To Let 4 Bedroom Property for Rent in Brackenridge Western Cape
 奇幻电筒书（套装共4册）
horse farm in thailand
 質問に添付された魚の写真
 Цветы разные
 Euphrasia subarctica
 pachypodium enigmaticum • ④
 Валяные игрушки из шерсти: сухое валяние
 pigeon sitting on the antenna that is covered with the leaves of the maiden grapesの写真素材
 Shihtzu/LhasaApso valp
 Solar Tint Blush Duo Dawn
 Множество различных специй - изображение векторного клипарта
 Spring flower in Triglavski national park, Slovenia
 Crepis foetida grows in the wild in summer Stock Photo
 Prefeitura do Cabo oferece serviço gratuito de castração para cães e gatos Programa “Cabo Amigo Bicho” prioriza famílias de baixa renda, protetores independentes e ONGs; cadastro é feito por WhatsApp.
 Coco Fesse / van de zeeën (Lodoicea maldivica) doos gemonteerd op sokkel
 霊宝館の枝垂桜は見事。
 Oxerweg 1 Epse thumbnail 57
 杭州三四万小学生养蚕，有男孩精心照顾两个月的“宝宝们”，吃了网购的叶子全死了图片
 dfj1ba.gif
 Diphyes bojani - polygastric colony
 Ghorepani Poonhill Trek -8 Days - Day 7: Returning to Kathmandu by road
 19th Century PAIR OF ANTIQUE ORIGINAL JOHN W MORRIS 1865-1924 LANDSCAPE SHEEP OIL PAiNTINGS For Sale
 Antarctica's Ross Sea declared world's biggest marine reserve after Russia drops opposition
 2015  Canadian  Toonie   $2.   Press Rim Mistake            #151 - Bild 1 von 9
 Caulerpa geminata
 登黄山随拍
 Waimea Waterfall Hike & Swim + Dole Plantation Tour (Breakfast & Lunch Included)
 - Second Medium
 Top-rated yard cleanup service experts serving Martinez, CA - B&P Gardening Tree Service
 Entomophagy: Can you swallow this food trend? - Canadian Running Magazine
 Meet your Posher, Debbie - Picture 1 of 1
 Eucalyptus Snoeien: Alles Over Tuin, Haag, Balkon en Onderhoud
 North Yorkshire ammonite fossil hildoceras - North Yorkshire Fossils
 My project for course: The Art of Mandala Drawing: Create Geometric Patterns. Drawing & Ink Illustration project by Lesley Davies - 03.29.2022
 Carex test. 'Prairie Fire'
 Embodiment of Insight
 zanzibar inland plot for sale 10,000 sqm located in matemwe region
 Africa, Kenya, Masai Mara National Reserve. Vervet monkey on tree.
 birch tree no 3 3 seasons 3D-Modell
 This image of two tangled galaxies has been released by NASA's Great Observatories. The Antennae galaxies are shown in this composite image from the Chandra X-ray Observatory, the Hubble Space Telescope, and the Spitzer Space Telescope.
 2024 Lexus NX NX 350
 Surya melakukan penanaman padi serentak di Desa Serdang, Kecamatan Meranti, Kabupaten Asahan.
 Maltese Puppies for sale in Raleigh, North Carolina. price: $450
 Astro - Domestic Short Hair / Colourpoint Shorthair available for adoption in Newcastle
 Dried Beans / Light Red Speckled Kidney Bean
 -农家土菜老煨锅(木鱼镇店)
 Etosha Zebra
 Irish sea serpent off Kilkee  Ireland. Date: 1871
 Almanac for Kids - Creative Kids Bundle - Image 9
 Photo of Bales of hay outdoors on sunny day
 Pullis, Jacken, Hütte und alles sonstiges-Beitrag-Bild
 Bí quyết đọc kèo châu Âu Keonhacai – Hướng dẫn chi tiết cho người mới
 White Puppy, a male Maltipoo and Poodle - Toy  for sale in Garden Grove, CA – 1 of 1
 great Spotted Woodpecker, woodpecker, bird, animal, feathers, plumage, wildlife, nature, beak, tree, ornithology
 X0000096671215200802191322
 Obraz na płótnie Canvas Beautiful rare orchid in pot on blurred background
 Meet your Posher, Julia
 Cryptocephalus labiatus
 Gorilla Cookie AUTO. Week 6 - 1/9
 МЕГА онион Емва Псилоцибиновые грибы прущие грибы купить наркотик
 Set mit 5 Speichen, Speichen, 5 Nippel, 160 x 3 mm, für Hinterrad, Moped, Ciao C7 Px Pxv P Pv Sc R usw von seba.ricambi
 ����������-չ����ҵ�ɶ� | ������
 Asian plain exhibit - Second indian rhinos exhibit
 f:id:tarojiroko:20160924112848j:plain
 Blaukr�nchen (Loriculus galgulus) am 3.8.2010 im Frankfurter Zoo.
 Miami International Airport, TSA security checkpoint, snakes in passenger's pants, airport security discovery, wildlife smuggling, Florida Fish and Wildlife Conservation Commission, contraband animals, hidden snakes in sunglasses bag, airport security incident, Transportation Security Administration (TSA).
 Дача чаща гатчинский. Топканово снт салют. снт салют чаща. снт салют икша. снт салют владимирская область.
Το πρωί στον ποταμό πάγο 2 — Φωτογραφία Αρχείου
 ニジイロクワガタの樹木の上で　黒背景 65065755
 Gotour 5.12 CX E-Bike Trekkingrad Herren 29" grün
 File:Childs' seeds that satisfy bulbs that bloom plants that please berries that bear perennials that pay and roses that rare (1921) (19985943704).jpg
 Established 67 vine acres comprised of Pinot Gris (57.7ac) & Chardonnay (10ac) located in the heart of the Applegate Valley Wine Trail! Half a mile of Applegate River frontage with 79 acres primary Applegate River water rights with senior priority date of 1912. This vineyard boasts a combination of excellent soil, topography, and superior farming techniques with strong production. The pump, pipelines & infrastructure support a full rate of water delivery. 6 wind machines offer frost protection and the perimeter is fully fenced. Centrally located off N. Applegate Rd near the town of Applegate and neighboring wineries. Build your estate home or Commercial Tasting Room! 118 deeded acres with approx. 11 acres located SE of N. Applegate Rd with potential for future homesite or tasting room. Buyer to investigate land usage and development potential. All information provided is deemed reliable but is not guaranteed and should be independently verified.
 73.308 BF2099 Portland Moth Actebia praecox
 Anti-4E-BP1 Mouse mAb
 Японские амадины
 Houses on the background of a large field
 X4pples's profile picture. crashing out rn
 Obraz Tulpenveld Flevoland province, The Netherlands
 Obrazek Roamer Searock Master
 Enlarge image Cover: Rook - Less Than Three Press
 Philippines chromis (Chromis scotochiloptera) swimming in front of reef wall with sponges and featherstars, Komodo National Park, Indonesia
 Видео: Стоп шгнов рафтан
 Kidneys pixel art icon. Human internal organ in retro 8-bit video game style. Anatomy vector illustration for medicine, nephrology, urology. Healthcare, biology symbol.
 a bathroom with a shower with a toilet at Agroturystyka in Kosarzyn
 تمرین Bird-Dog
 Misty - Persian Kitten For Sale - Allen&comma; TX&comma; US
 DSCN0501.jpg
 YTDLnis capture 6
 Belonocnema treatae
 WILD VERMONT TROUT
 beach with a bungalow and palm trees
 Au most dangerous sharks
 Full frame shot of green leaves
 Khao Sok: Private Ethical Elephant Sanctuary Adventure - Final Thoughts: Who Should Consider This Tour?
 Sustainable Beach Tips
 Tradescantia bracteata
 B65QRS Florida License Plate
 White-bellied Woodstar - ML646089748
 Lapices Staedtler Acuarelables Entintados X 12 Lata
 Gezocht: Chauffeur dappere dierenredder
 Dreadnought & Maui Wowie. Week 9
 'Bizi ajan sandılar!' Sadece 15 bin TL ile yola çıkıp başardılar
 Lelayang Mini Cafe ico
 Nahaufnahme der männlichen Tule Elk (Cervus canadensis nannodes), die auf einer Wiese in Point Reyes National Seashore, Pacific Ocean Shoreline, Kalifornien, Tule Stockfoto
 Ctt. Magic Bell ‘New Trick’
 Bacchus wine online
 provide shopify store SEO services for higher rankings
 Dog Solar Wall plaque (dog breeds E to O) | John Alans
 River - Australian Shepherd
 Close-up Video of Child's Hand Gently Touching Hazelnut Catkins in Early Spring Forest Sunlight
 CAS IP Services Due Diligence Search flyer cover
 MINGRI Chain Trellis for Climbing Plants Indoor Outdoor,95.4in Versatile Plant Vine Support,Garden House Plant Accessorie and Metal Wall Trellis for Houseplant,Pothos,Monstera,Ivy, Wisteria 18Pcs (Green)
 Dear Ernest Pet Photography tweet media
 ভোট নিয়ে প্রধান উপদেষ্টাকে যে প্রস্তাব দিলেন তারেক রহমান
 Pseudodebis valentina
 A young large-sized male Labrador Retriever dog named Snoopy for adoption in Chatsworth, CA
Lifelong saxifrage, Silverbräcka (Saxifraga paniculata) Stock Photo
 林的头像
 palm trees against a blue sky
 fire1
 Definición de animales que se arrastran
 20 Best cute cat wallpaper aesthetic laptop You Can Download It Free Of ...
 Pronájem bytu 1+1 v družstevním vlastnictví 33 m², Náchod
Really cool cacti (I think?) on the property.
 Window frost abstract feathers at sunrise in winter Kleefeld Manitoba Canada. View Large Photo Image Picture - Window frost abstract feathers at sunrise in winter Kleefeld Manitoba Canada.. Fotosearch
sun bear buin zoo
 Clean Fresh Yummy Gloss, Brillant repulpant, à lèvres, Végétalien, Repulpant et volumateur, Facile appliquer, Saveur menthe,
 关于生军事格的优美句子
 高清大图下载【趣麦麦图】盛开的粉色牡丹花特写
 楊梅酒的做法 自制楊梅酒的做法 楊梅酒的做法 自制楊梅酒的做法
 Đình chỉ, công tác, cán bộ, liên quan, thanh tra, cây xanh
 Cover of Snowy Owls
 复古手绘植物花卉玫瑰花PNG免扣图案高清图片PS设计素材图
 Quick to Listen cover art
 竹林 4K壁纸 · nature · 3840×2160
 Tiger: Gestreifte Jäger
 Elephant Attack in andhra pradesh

────────────────────────────────────────

== What this task involves ==
Which lines above run from the one containing "Pseudodebis valentina" to the one containing "Really cool cacti (I think?) on the property."? Give them again exactly, both ends included.

== Task response ==
 Pseudodebis valentina
 A young large-sized male Labrador Retriever dog named Snoopy for adoption in Chatsworth, CA
Lifelong saxifrage, Silverbräcka (Saxifraga paniculata) Stock Photo
 林的头像
 palm trees against a blue sky
 fire1
 Definición de animales que se arrastran
 20 Best cute cat wallpaper aesthetic laptop You Can Download It Free Of ...
 Pronájem bytu 1+1 v družstevním vlastnictví 33 m², Náchod
Really cool cacti (I think?) on the property.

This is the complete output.